Cyber insurance is a new conversation in the boardroom, reflecting the growing digital maturity of senior executives and also an insurance industry that can recognise and quantify the impacts of cyber security events. Until recently, business and insurers both leant heavily on existing policies to insure against cyber calamity, bolting on clauses about data and computers to leverage products that were designed for business continuity.

“CISOs (chief information security officers) were saying only 2 years ago that they didn’t see the point of insurance”, says Dr Paul Dorey, visiting professor at the Royal Holloway College, University of London. He identifies the breach of Maersk shipping giant and other corporations by the NotPetya malware as a turning point. “Insurers said it was no ordinary business interruption but a cyber act of war conducted by a nation state.”

Cyber insurance is still playing catch-up with a business environment where 87 per cent of the S&P 500 companies’ market value is tied to intangible assets, according to researchers Ocean Tomo. But while insurance players have called out a new cyber risk market, requiring an insurance portfolio value point of view, some businesses and boardrooms are still living in the old world, says Dorey.
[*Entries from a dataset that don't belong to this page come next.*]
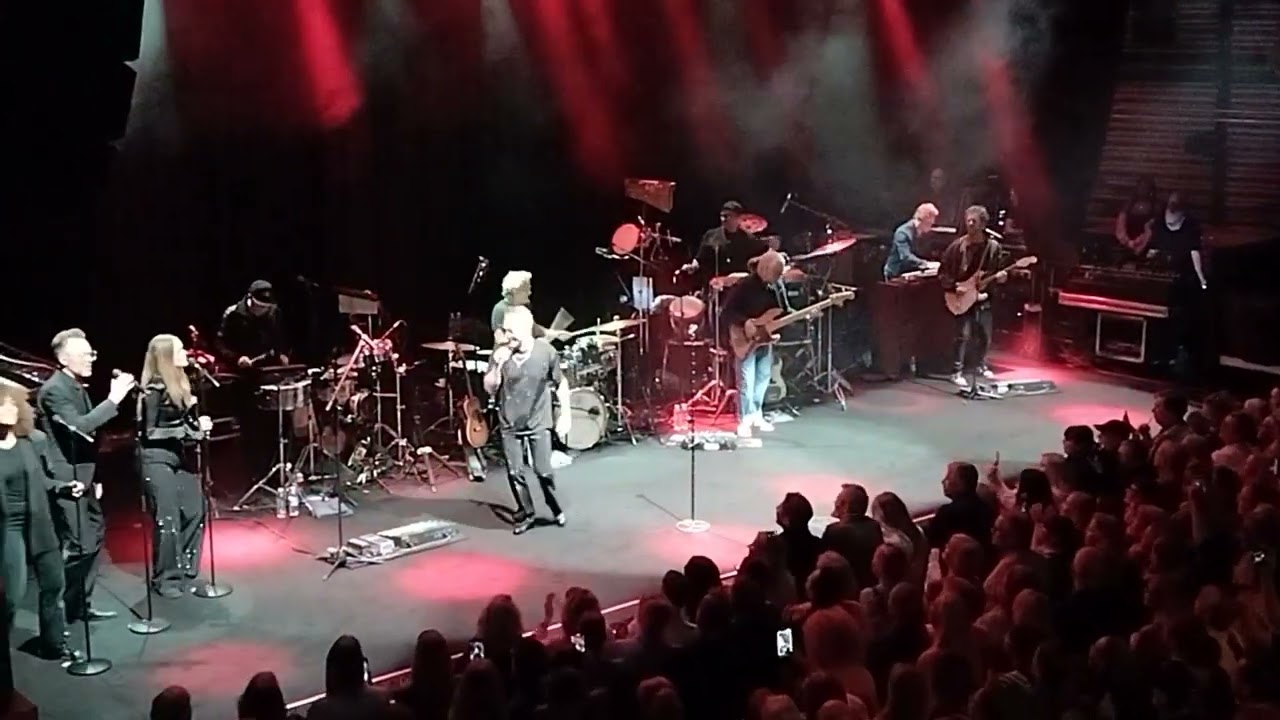 Thomas Helmig - Groovy Day, Live at Amager Bio 20260306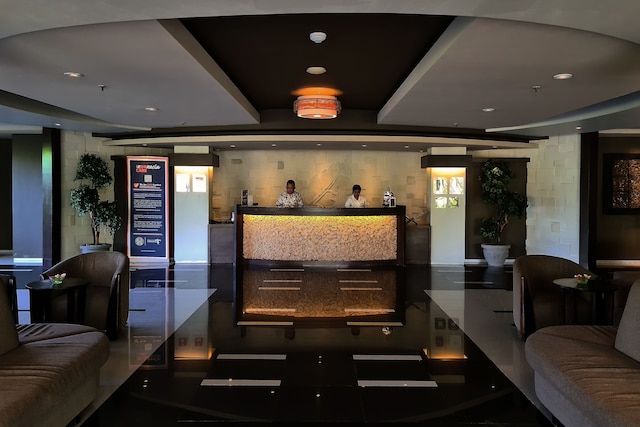 ザ・カナ、クタ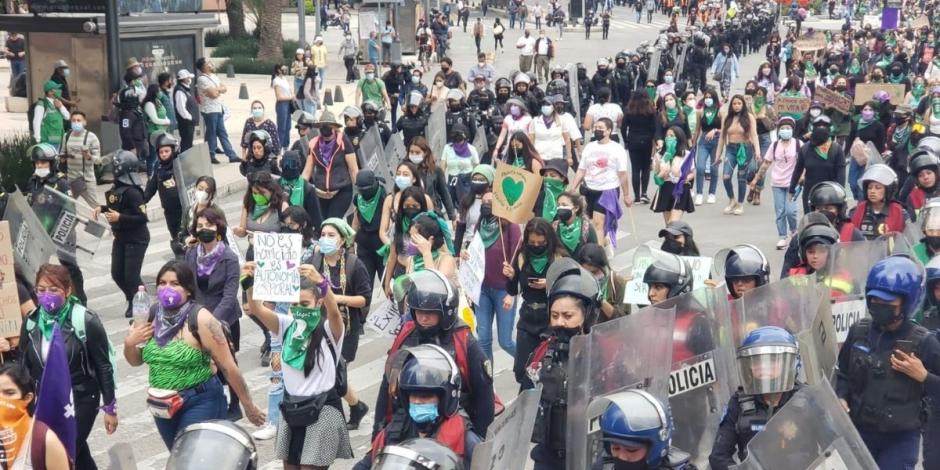 Contingentes feministas se dirigen al Zócalo capitalino durante la marcha por el aborto legal y seguro; son custodiadas por mujeres policías de la CDMX.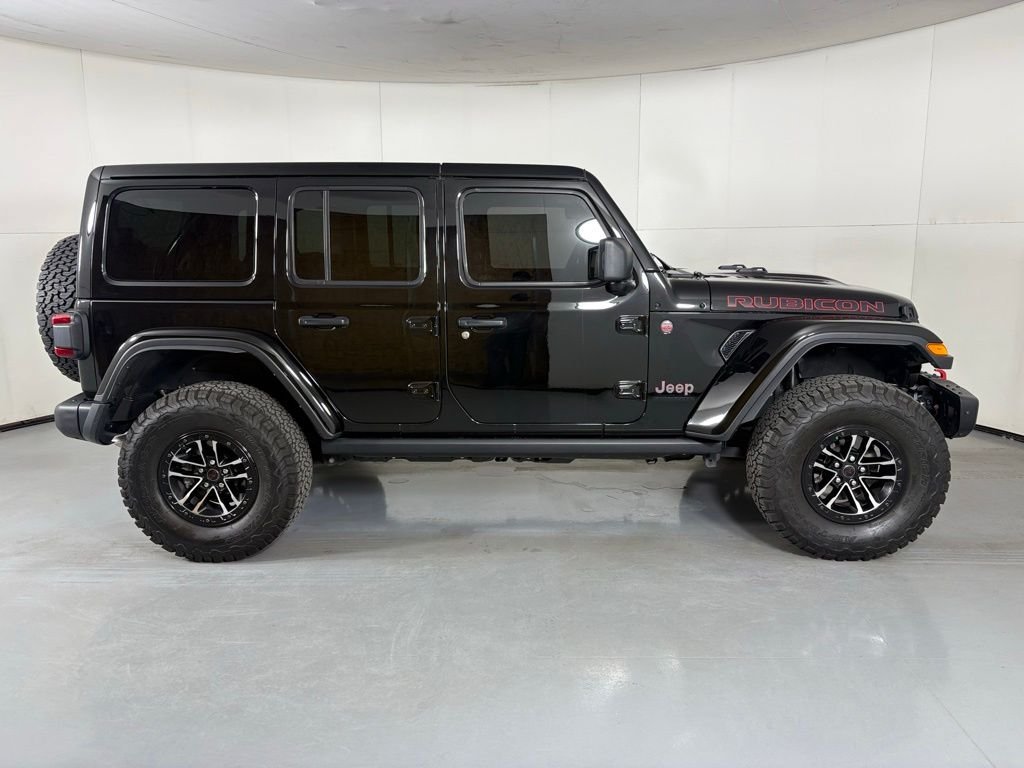 Used 2024 Jeep Wrangler Unlimited Rubicon AWD/4WD image 9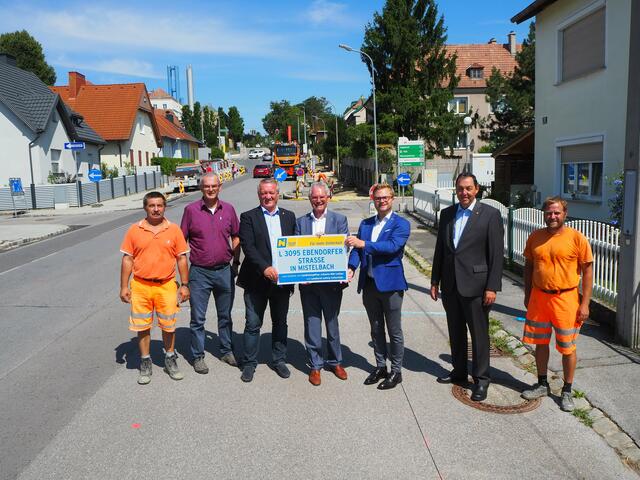 Karl Schwalm (Straßenmeisterei Mistelbach), Wolfgang Pribil (Leiter-Stv. der Straßenbauabteilung Wolkersdorf), Manfred Reiskopf (Vizebgm. von Mistelbach), Landtagspräsident Karl Wilfing, Erich Stubenvoll (Bgm. von Mistelbach), Josef Decker (NÖ Straßenbaudirektor), Jürgen Wachter (Straßenmeisterei Mistelbach).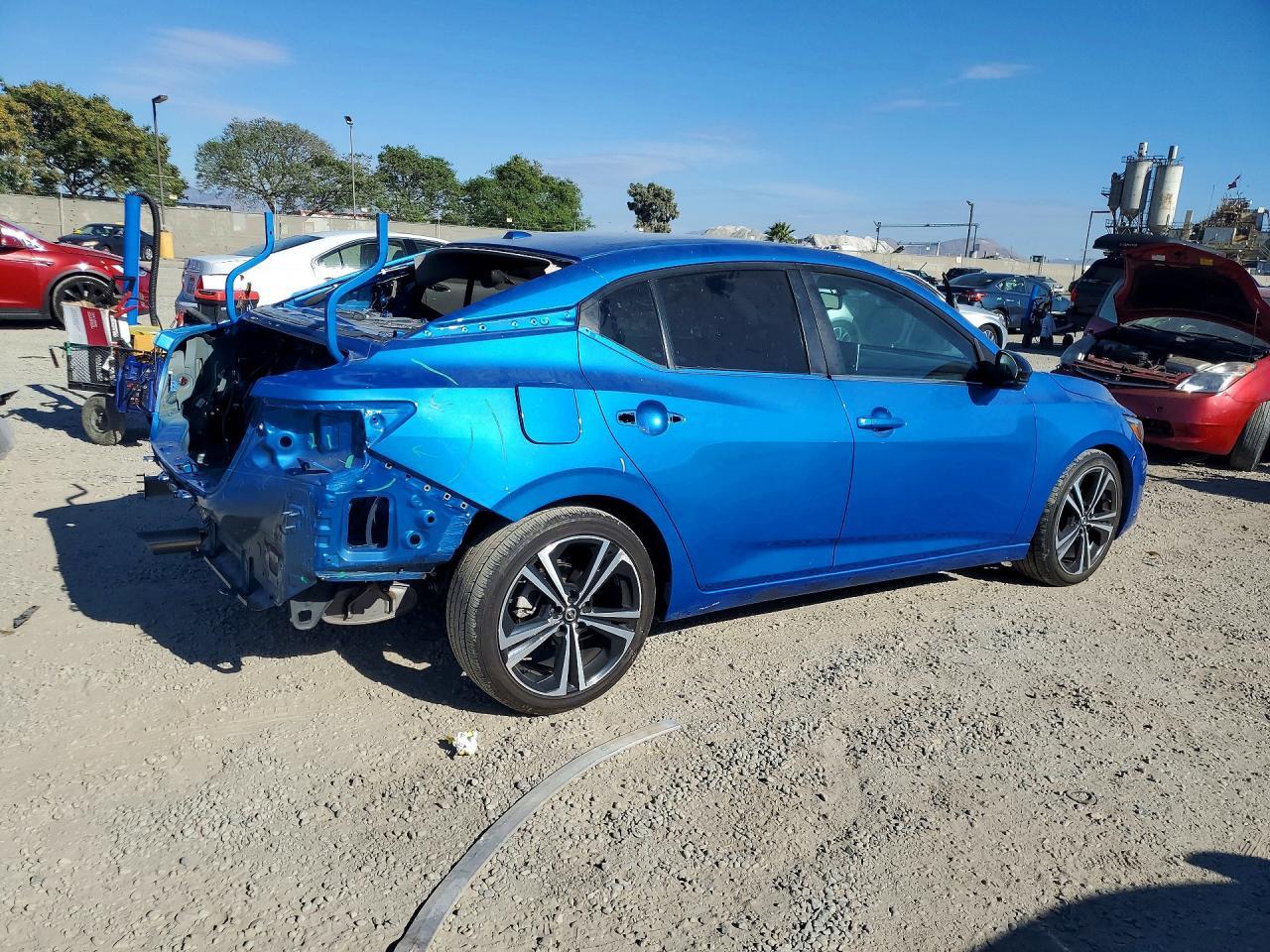 2021 Nissan Sentra Sr - Фото 3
Dorey’s observations are confirmed by the findings of Marsh, a global insurance broker and risk management specialist that surveyed 1,300 risk professionals and senior executives across the globe. While By the Numbers: Global Cyber Risk Perception Survey found a growing willingness to invest in cyber insurance to mitigate the impacts of emerging technologies, one in five companies does not have any cover.

Over one third (34 per cent) of respondents to the 2017 survey had restructured cyber insurance and/or purchased further cover, while a further 38 per cent said they had increased cyber risk insurance in order to limit liability. Marsh authors interpreted this as a growing desire to protect against risk that accompanies evolving technologies, including artificial intelligence (AI) and the internet of things (IoT), as well as regulatory developments, including the European Union’s General Data Protection Regulation (GDPR).

Governments, including the United Kingdom, have already moved to clarify the insurance position of road accidents involving cars that use artificial intelligence and automation to be autonomous. The United Kingdom’s Automated and Electric Vehicles Act 2018 makes insurance underwriters liable for damage caused by such vehicles, leaving the insurance company to then chase other parties under product liability law.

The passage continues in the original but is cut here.